TASK TO CARRY OUT =>
What is needed is an exact copy of the records below, with the pictures left out.
BEGIN DATA FOR PROCESSING
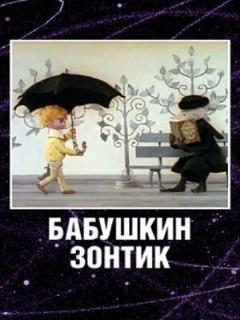 Постер: Бабушкин зонтик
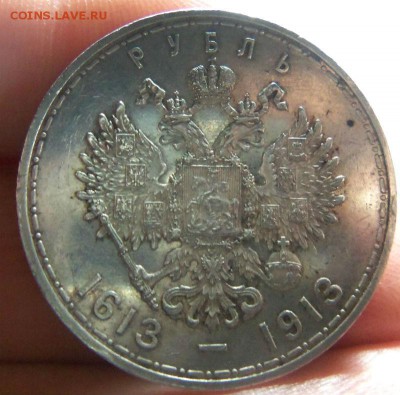 1 рубль 1613 - 1913 г. (300 лет дому Романовых)  в коллекцию - 072.JPG
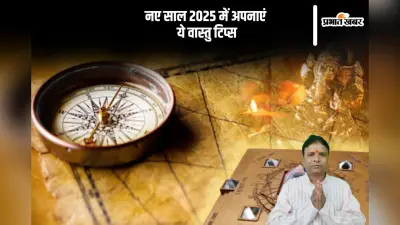 Vastu Tips 2025: नए साल में समृद्धि और धन आकर्षित करने के लिए अपनाएं ये वास्तु उपाय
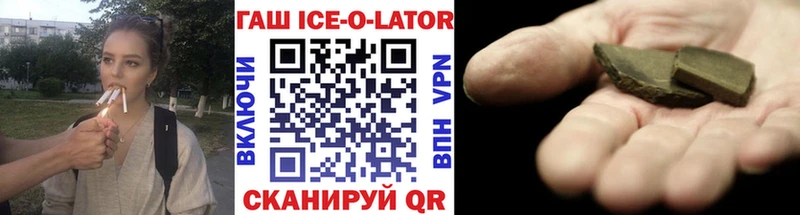 OMG онион Макаров Гашиш гарик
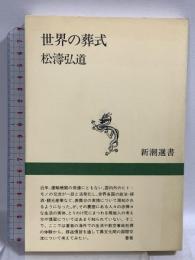 世界の葬式 (新潮選書) 新潮社 松濤 弘道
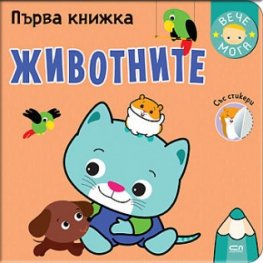 Първа книжка: Животните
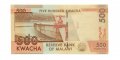 Малави 500 квач 2012-2013 год - UNC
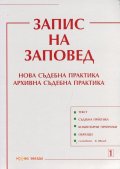 Запис на заповед. Нова съдебна практика. Архивна съдебна практика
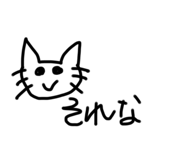 773257755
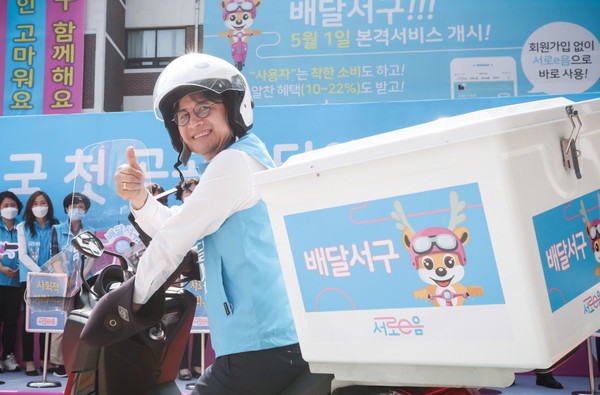 배달서구 본격 출범 (사진제공=서구청)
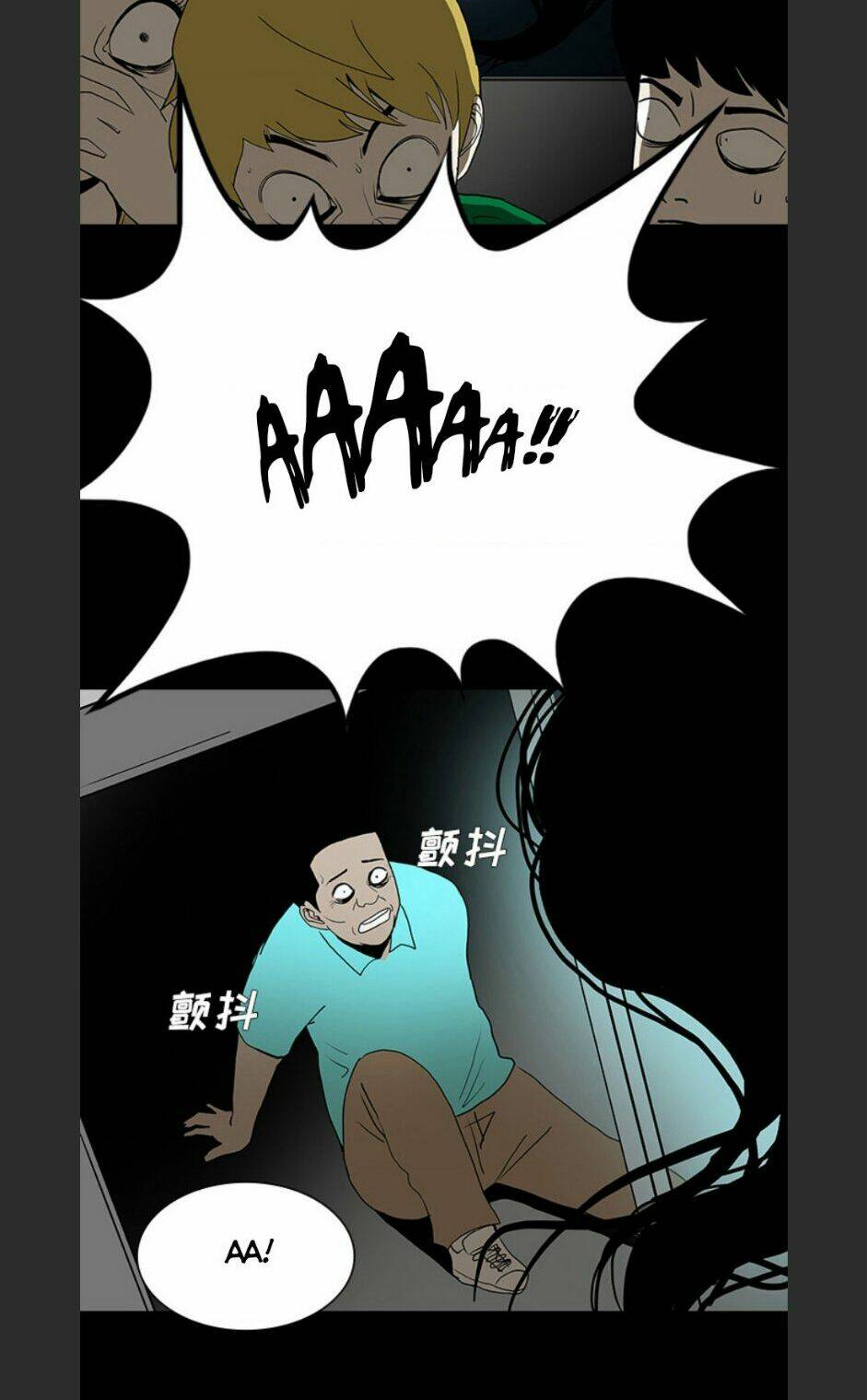 Bệnh Viện Ma Ám: Chapter 52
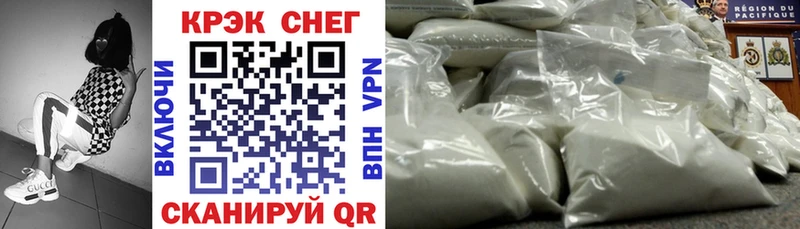 Наркошоп Вышний Волочёк blacksprut ССЫЛКА Бошки Шишки Меф ГАШИШ Cocaine НБОМе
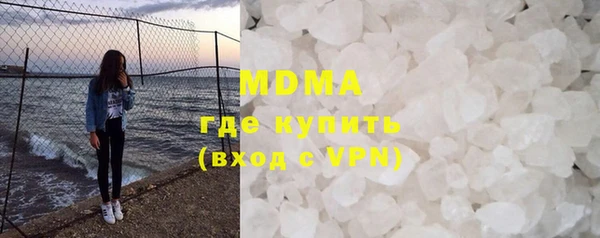 прущая мука Гусиноозёрск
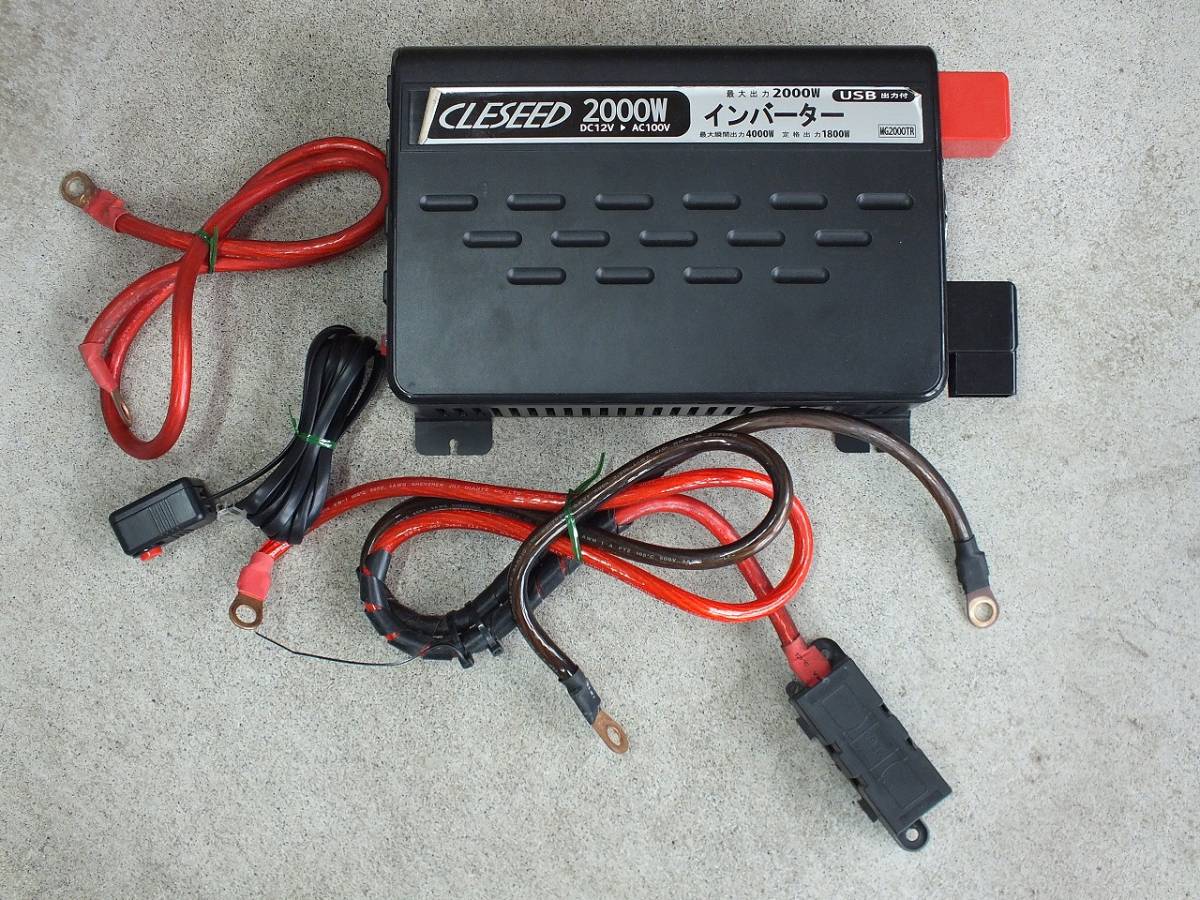 100%新品，人気セール 〇CLESEED インバーター DC12V&rarr;AC100V 最大2000W/MG2000TR USB付き 動作未確認(12V用)｜売買されたオークション情報、yahooの商品情報をアーカイブ公開 - オークファン 12V用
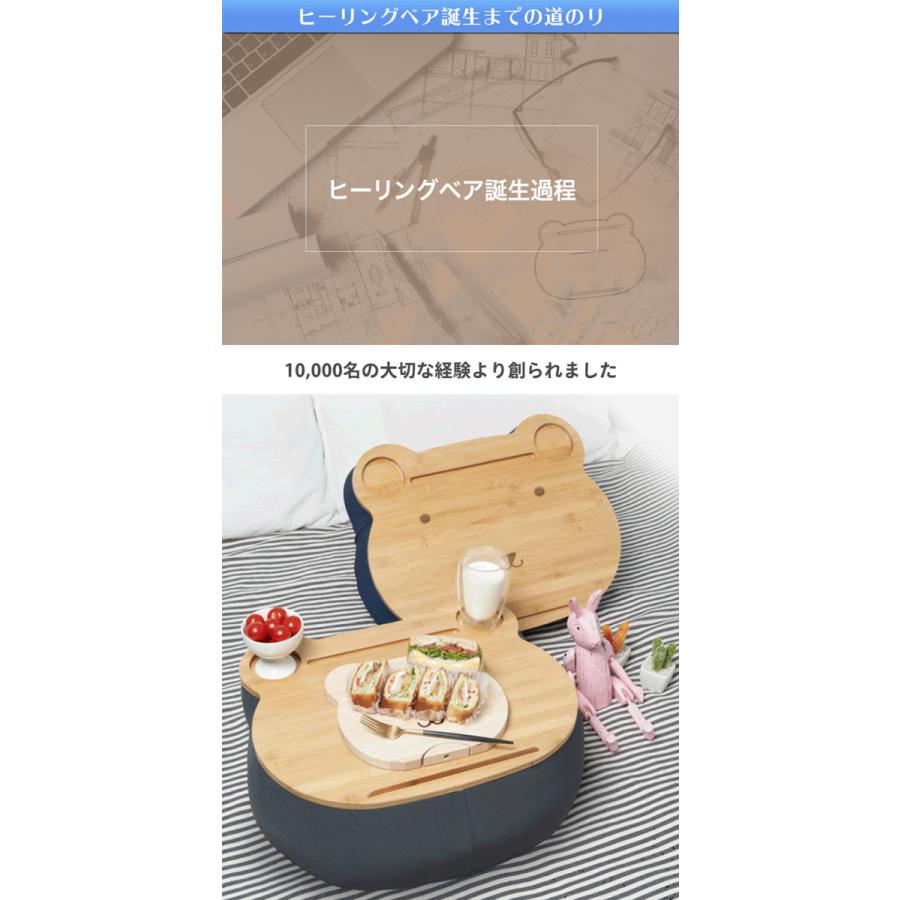 クッションテーブル ヒーリングベア CIMEL クッション付テーブル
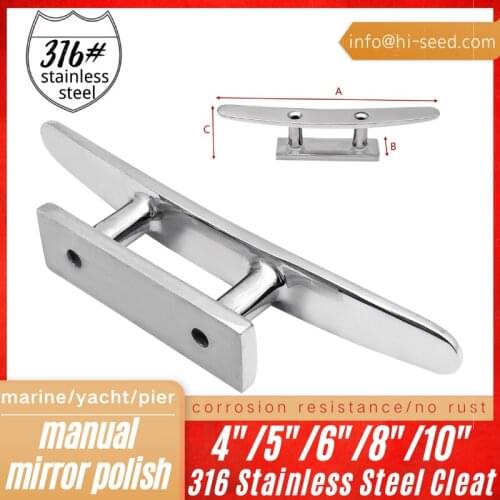 Marine flat cable bolt 316 stainless steel fittings cable pile horns Yacht speedboat with screw rod connecting body cable bolt c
END DATA FOR PROCESSING
YOUR RESPONSE =>
 Постер: Бабушкин зонтик
 1 рубль 1613 - 1913 г. (300 лет дому Романовых)  в коллекцию - 072.JPG
 Vastu Tips 2025: नए साल में समृद्धि और धन आकर्षित करने के लिए अपनाएं ये वास्तु उपाय
 OMG онион Макаров Гашиш гарик
 世界の葬式 (新潮選書) 新潮社 松濤 弘道
 Първа книжка: Животните
 Малави 500 квач 2012-2013 год - UNC
 Запис на заповед. Нова съдебна практика. Архивна съдебна практика
 773257755
 배달서구 본격 출범 (사진제공=서구청)
 Bệnh Viện Ma Ám: Chapter 52
 Наркошоп Вышний Волочёк blacksprut ССЫЛКА Бошки Шишки Меф ГАШИШ Cocaine НБОМе
 прущая мука Гусиноозёрск
 100%新品，人気セール 〇CLESEED インバーター DC12V&rarr;AC100V 最大2000W/MG2000TR USB付き 動作未確認(12V用)｜売買されたオークション情報、yahooの商品情報をアーカイブ公開 - オークファン 12V用
 クッションテーブル ヒーリングベア CIMEL クッション付テーブル
 Marine flat cable bolt 316 stainless steel fittings cable pile horns Yacht speedboat with screw rod connecting body cable bolt c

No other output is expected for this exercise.